Il capitano non pedalatore Caparrini manda subito in campo una formazione con tre attaccanti di ruolo: il patriarca Nucci, il coriaceo Pisaturo e il cosciuto Cordero che alla sua prima puntata transalpina dopo quattro Giri d'Italia non sembra intenzionato a rimirare schiene o gropponi. Dietro le tre punte giocano l'altro patriarca Chiarugi e il fuggevole Muritano, col supporto più arretrato e ponzante di Scardigli e Vezzosi. La difesa è composta dal volubile Cocchetti, dal pavido Ulivieri e dalla bubbolante Bertelli, a usbergo del portiere Seripa che dopo un incidente in mountain bike deve imparare a pedalare con un omero solo.

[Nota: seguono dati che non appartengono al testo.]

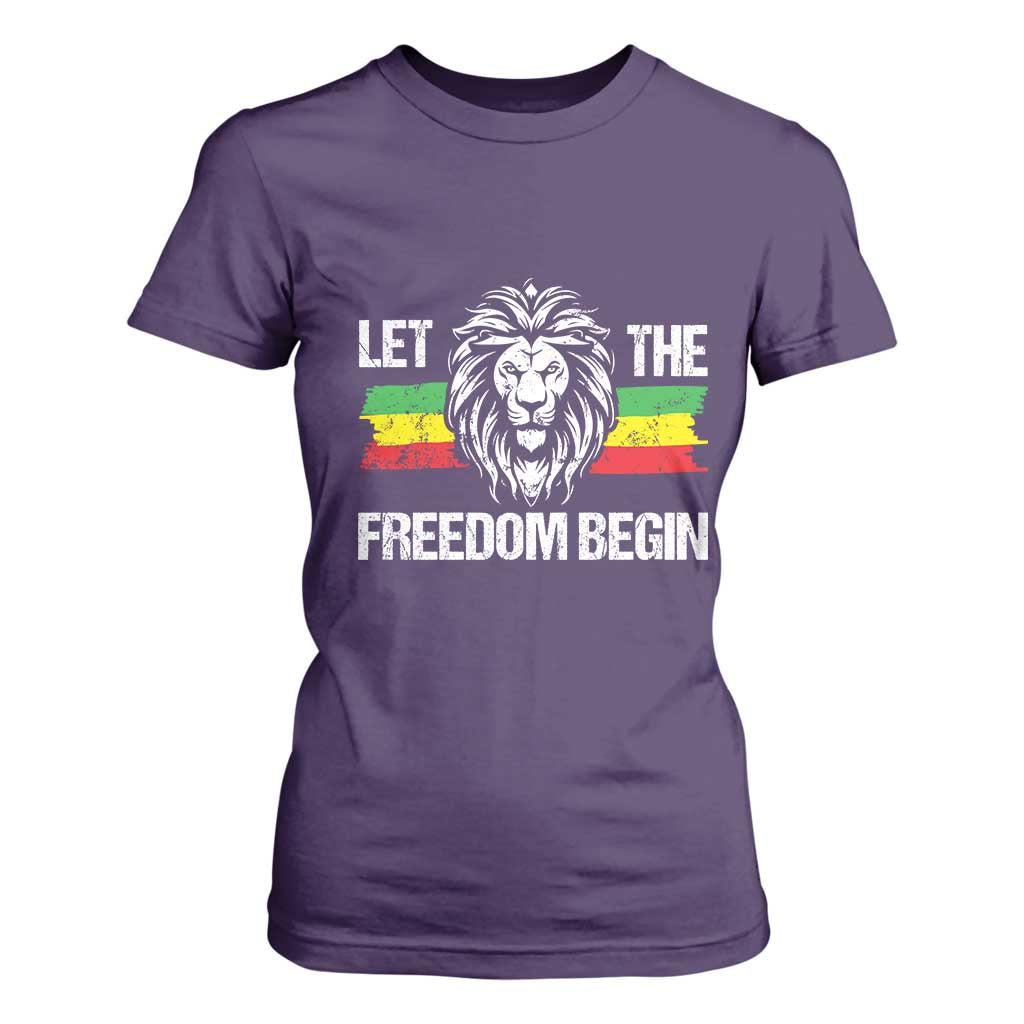 Juneteenth T Shirt For Women Let The Freedom Begin African American Lion Melanin Pride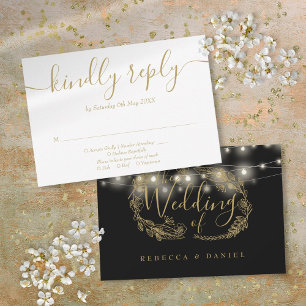 Cartons Réponse Lumières de chaîne dorées et noires pour mariage f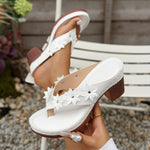 New Casual Floral High-heeled Flip-flops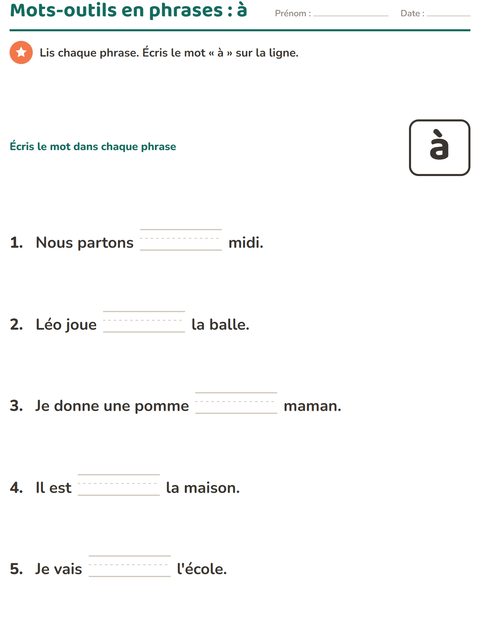 Aperçu de la fiche Mots-outils pour École maternelle (grande section, 5-7 ans)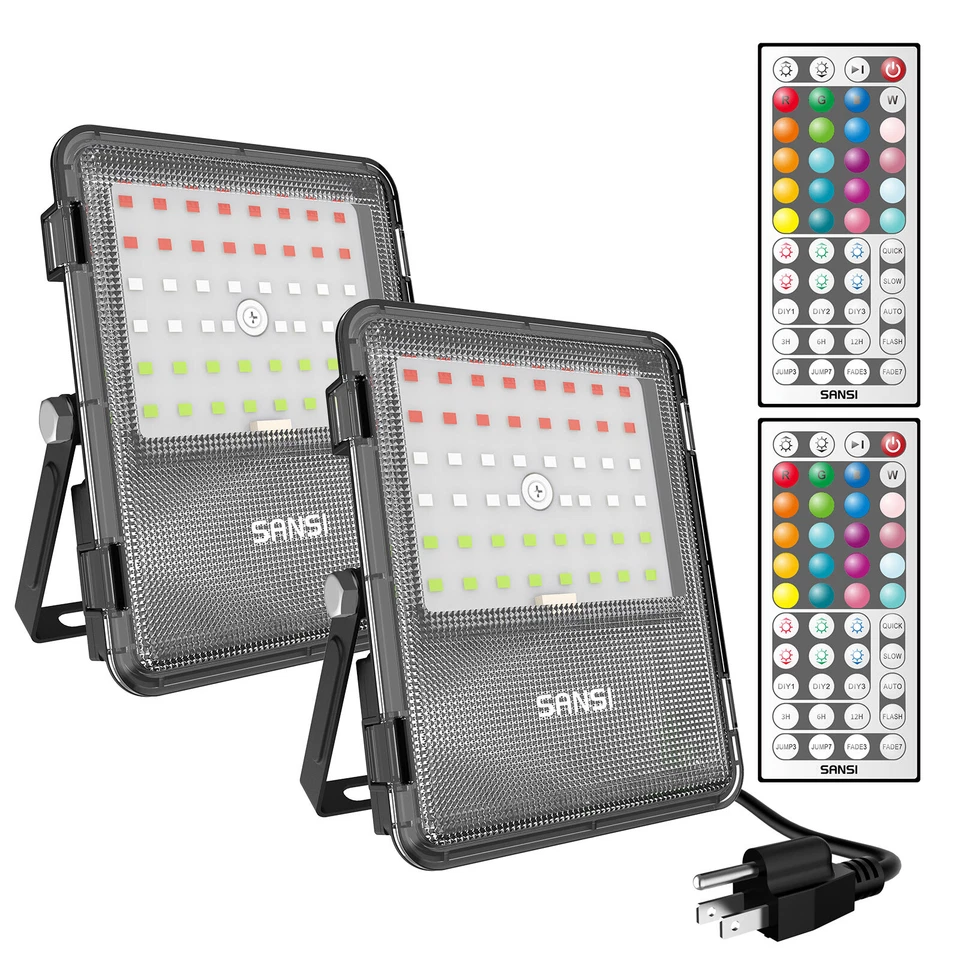 2 Pack RGB Flood Light 8800LM LED Outdoor Light 80W Celebrate Party Color Change - Image 1 of 4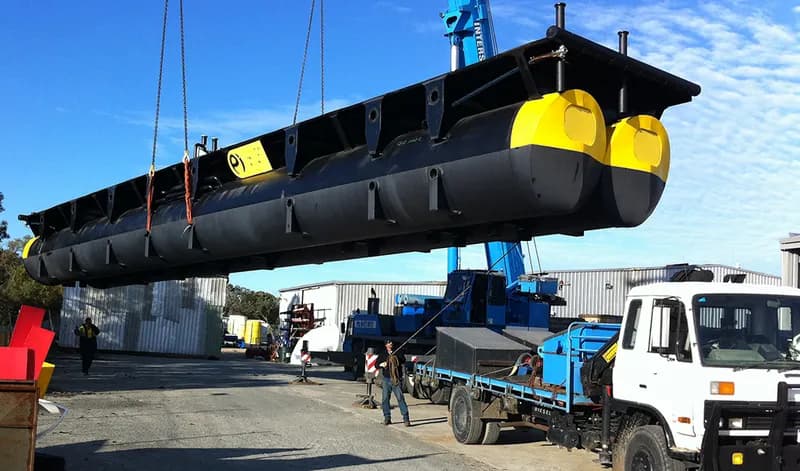 21 m HDPE pontoon barge — hero shot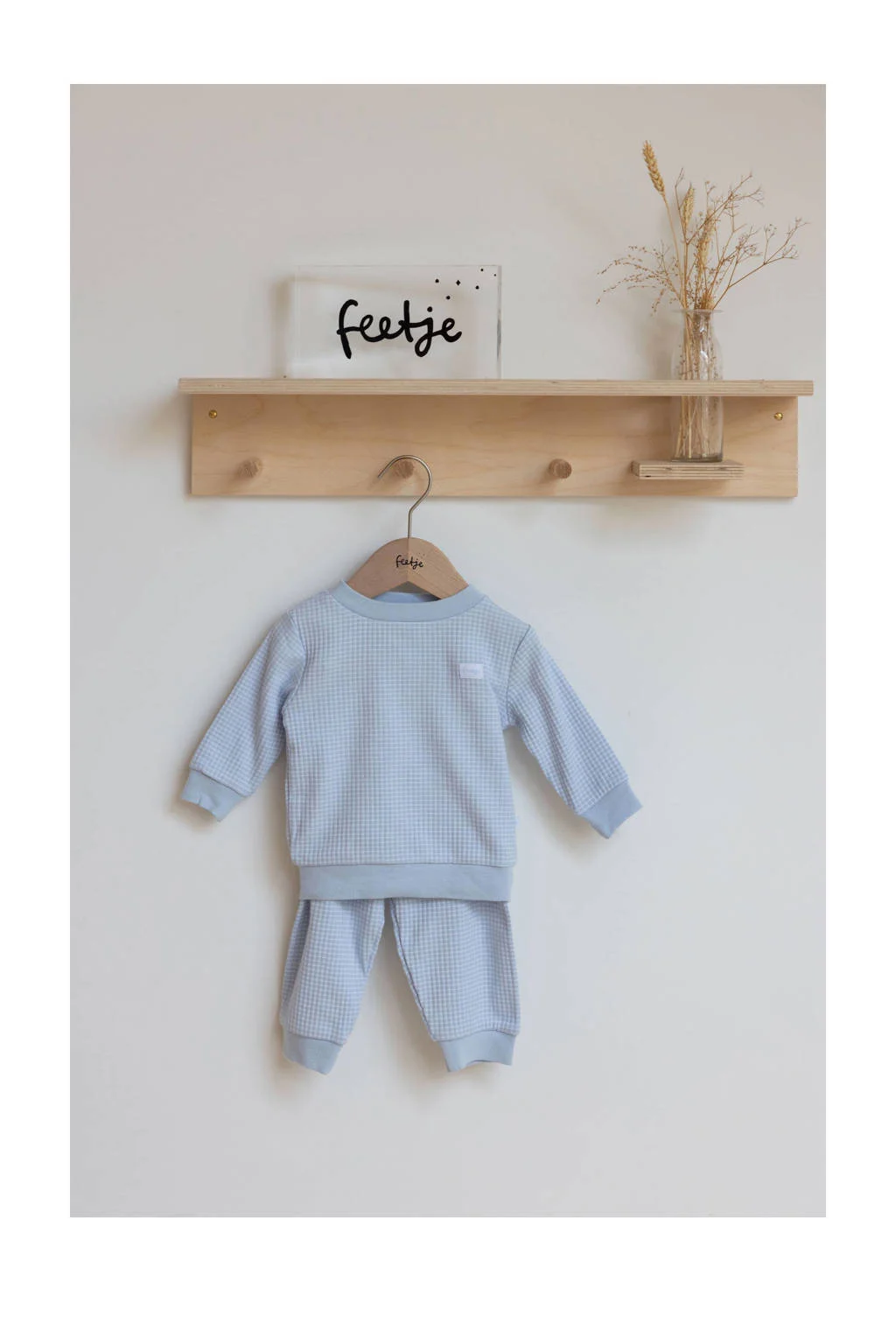 Feetje unisex wafel pyjama lichtblauw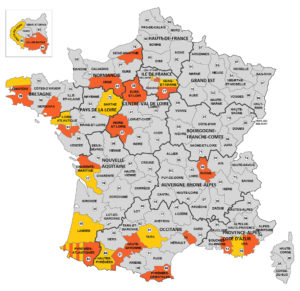 Carte des implantations des entreprises Applicateurs Exclusifs VERTIKAL®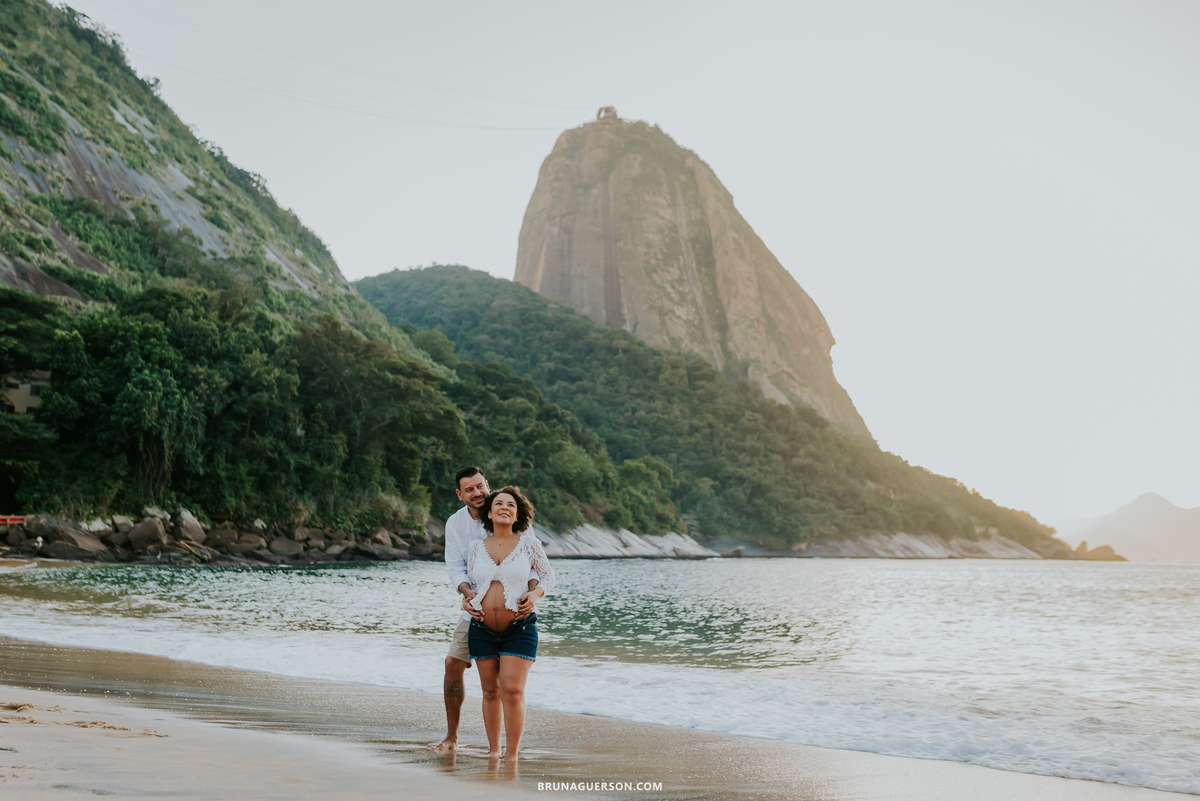 fotografia ensaio de casal gestante externo Rio de Janeiro rj praia vermelha urca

La partita sembra già chiusa prima del confine di stato quando Pisaturo prende il largo impercettibilmente. Cordero e Nucci lo braccano inquadrandolo nel mirino lungo i cinque tornanti nella roccia mentre Chiarugi si accontenta di staccare Muritano intento a rispondere al telefono. Scardigli e Vezzosi fungono da mediani di spinta davanti al vuoto. Infatti sul Col de l'Echelle i primi sette attendono i difensori con crescente apprensione, finché non li vedono arrivare calmi e solidali davanti al dolorante Seripa.

Sul colle itinerante la Bertelli riesce ad attaccare un piccolo bottone a due neozelandesi bianconeri che si distinguono per un'ammiccante bici a fiori ma non c'è tempo per tergiversare oltre la foto. La visione di tappa incombe e a quest'ora i tre podisti sono già in azione. Devono sobbarcarsi dieci chilometri di statale D1091 da Briançon a La-Salle-les-Alpes senza pensare al ritorno. I ciclisti intanto si godono la placida valle della Clarée e la rampogna della Bertelli per un passaggio col rosso a Val des Prés, prima d'immettersi nella via di tappa. In verità per la prima volta nella storia il supremo cartografo Caparrini è riuscito a concepire una visone senza nemmeno un metro di percorso di tappa. Ed è quel che puntualmente si verifica presso una rotonda a cinquecento metri dall'arrivo, affollato ricettacolo internazionale di tutti i ciclisti che hanno avuto la stessa idea.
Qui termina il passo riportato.